4. Eiser heeft geen informatie overgelegd waaruit blijkt dat sprake is van structurele tekortkomingen in het Duitse asiel- en opvangsysteem. Uit het gehoor blijkt dat eiser een asielaanvraag heeft ingediend, maar dat hij niet weet wat hier verder mee is gebeurd en dat hij snel Duitsland weer heeft verlaten. Verweerder mag ervan uitgaan dat Duitsland zich houdt aan zijn internationale verplichtingen en eiser heeft niet aannemelijk gemaakt dat Duitsland dit niet doet. Met het claimakkoord garandeert Duitsland ook dat een nieuwe asielaanvraag van eiser in behandeling zal worden genomen en dat zijn situatie zal worden beoordeeld aan dezelfde criteria als in Nederland en in lijn met de verschillende Europese richtlijnen op het gebied van asielrecht. De garantie van de lidstaat om het asielverzoek in behandeling te nemen omvat ook de verantwoordelijkheid dat een eventuele uitzetting niet in strijd met het verbod van réfoulement zal zijn. Dat sprake is van indirect réfoulement, volgt de rechtbank dan ook niet. Bovendien is het aan eiser om te klagen bij de Duitse autoriteiten indien hij meent dat Duitsland zijn internationale verplichtingen niet nakomt. Niet is gebleken dat dit voor eiser niet mogelijk is of dat klagen zinloos is. De rechtbank is verder van oordeel dat verweerder in het bestreden besluit voldoende gemotiveerd heeft gereageerd op de stellingen van eiser.

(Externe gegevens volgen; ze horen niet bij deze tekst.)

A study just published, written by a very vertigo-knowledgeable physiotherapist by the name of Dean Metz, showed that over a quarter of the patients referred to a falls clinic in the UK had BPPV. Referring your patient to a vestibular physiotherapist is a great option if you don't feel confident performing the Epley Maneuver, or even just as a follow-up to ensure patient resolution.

5. Verweerder heeft in de omstandigheden van eiser dan ook geen aanleiding hoeven zien om toepassing te geven aan artikel 17, eerste lid, van de Dublinverordening door de asielaanvraag in behandeling te nemen. De omstandigheden die eiser heeft aangevoerd zijn niet zo bijzonder en individueel dat verweerder een uitzondering had moeten maken. De rechtbank volgt verweerder dan ook dat deze omstandigheden niet zodanig zijn dat overdracht van onevenredige hardheid zou getuigen.
6. Het beroep is ongegrond.
7. Voor een proceskostenveroordeling bestaat geen aanleiding.

Beslissing

De rechtbank verklaart het beroep ongegrond.

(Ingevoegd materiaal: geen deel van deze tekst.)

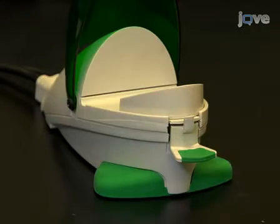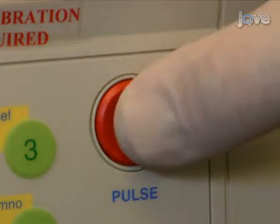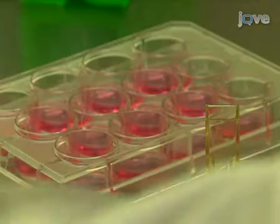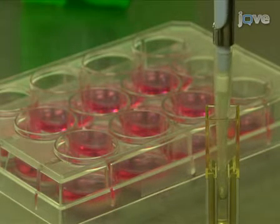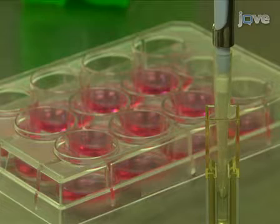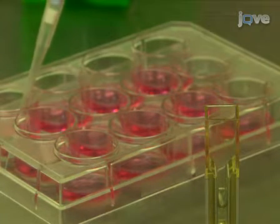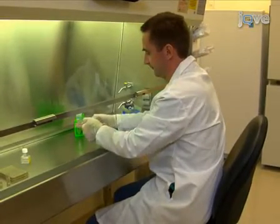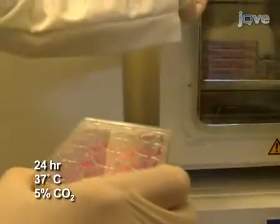Next, place the cuvette into the shock pod chamber. Press Pulse to deliver the electric shock to the cells. After electroporation, proceed as in the plate method: mix the cells, then transfer aliquots to cell culture plates filled with pre-warmed media, and set up control wells that were not electroporated. Swirl the plate and tap, then leave the cells to recover for 24 hours at 37 degrees Celsius and 5% carbon dioxide before analyzing transfection efficiency.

Deze uitspraak is gedaan door mr. P.J.M. Mol, rechter, in aanwezigheid van mr. T.R. Oosterhoff-Vos, griffier.
De uitspraak is uitgesproken en bekendgemaakt op:
06 mei 2021
en zal openbaar worden gemaakt door publicatie op rechtspraak.nl.
Mr. P.J.M. Mol T.R. Vos
Rechter Griffier
Rechtbank Midden-Nederland Rechtbank Midden-Nederland
Documentcode: [documentcode]
Rechtsmiddel
Tegen deze uitspraak kan hoger beroep worden ingesteld bij de Afdeling
bestuursrechtspraak van de Raad van State binnen één week na de dag van bekendmaking.